----- Records for the task -----
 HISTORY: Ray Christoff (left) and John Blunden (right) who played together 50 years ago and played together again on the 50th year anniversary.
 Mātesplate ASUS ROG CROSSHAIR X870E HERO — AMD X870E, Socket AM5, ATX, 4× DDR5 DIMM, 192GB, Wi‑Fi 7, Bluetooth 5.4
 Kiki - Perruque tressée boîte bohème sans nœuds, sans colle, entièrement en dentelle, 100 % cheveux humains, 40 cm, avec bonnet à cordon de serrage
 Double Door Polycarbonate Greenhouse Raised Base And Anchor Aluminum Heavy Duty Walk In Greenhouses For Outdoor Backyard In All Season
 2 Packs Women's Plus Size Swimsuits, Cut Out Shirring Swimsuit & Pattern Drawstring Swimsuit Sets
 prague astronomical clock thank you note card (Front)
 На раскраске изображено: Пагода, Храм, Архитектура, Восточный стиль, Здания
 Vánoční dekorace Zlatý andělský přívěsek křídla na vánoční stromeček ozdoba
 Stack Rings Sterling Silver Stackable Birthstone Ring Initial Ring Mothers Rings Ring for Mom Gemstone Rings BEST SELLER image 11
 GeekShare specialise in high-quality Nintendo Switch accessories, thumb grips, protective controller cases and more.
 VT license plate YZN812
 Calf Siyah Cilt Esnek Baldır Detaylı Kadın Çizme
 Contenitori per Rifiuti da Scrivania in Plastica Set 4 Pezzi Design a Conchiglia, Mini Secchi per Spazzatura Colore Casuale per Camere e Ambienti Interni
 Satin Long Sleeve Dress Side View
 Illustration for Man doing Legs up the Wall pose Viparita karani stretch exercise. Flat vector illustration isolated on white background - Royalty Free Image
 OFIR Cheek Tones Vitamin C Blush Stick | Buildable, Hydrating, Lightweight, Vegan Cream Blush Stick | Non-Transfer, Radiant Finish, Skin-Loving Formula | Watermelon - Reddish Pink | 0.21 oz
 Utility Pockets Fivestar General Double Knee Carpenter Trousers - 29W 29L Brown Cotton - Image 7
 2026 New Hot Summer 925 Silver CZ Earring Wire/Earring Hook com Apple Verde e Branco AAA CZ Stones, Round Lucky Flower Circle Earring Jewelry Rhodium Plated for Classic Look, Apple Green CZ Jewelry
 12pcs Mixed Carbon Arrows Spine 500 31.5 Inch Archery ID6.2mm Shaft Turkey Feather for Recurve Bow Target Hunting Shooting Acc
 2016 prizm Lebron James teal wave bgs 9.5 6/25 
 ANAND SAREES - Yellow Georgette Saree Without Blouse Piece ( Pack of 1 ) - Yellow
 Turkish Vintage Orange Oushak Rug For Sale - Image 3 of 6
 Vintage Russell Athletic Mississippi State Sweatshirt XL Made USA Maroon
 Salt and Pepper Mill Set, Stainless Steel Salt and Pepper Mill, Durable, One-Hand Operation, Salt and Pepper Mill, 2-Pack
-----
## Try it
Nothing but the lines from the one with "Vintage Russell Athletic" through the final line of the records may appear in the answer, and each must be transcribed exactly.

## Output of the exercise
 Vintage Russell Athletic Mississippi State Sweatshirt XL Made USA Maroon
 Salt and Pepper Mill Set, Stainless Steel Salt and Pepper Mill, Durable, One-Hand Operation, Salt and Pepper Mill, 2-Pack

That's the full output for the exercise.